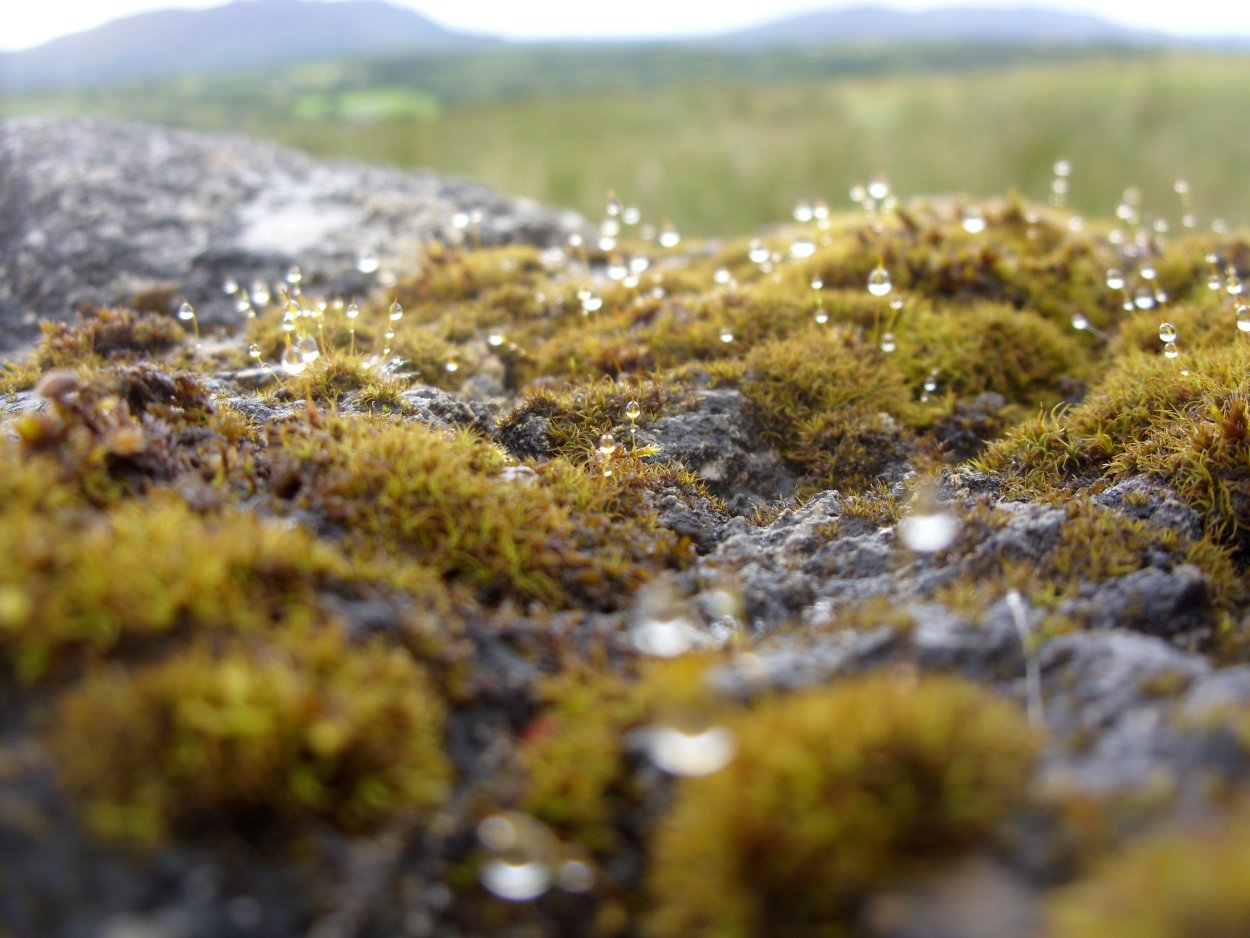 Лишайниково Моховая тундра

--

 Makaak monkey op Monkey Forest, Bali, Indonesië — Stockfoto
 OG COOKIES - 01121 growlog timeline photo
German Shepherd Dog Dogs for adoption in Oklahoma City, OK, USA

■ PROBLEM DETAILS: Look back at the entries above and repeat, unchanged, every line from the line holding "Makaak monkey op" through the line holding "German Shepherd Dog".

■ TASK OUTPUT:
 Makaak monkey op Monkey Forest, Bali, Indonesië — Stockfoto
 OG COOKIES - 01121 growlog timeline photo
German Shepherd Dog Dogs for adoption in Oklahoma City, OK, USA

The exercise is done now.